Class LanguageIdentifier


  • public class LanguageIdentifier
    extends Object
    Identify the language of a content, based on statistical analysis.
    Author:
    Sami Siren, Jérôme Charron, Hendrik Schreiber
    See Also:
    ISO 639 Language Codes
    • Method Detail

      • getMinLength

        public int getMinLength()
      • getMaxLength

        public int getMaxLength()
      • getAnalyzeLength

        public int getAnalyzeLength()
      • identify

        public String identify​(String content)
        Identify language of a content.
        Parameters:
        content - is the content to analyze.
        Returns:
        The 2 letter ISO 639 language code (en, fi, sv, ...) of the language that best matches the specified content.
      • identify

        public String identify​(StringBuilder content)
        Identify language of a content.
        Parameters:
        content - is the content to analyze.
        Returns:
        The 2 letter ISO 639 language code (en, fi, sv, ...) of the language that best matches the specified content.
      • identify

        public String identify​(InputStream is)
                        throws IOException
        Identify language from input stream.

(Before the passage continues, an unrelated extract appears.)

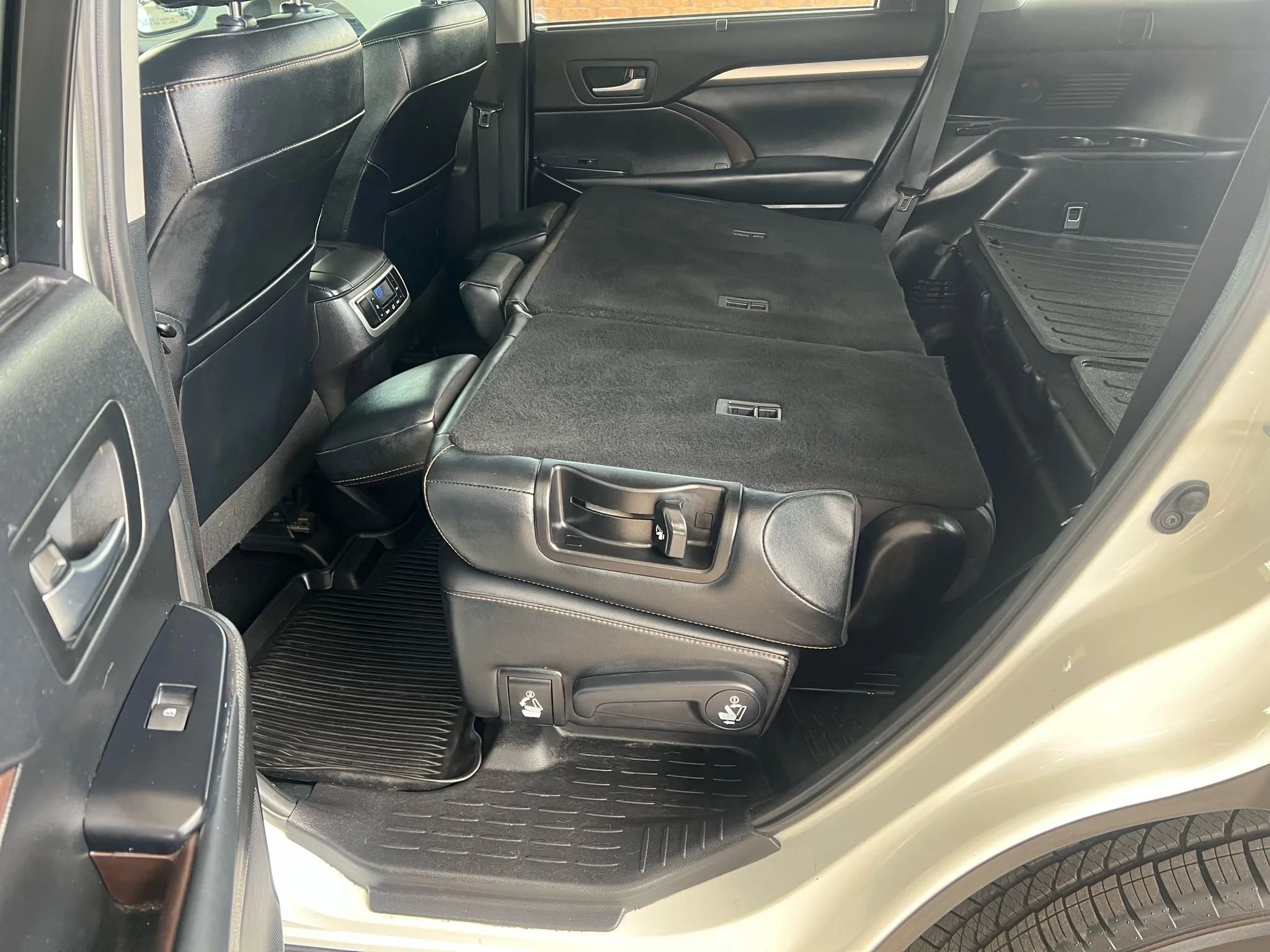 Used 2019 Toyota Highlander SE image 40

This method uses the platform default encoding to read the input stream. For using a specific encoding, use the identify(InputStream, String) method.
        Parameters:
        is - is the input stream to analyze.
        Returns:
        The 2 letter ISO 639 language code (en, fi, sv, ...) of the language that best matches the content of the specified input stream.
        Throws:
        IOException - if something wrong occurs on the input stream.
      • identify

        public String identify​(InputStream is,
                               String charset)
                        throws IOException
        Identify language from input stream.
        Parameters:
        is - is the input stream to analyze.
        charset - is the charset to use to read the input stream.
        Returns:
        The 2 letter ISO 639 language code (en, fi, sv, ...) of the language that best matches the content of the specified input stream.
        Throws:
        IOException - if something wrong occurs on the input stream.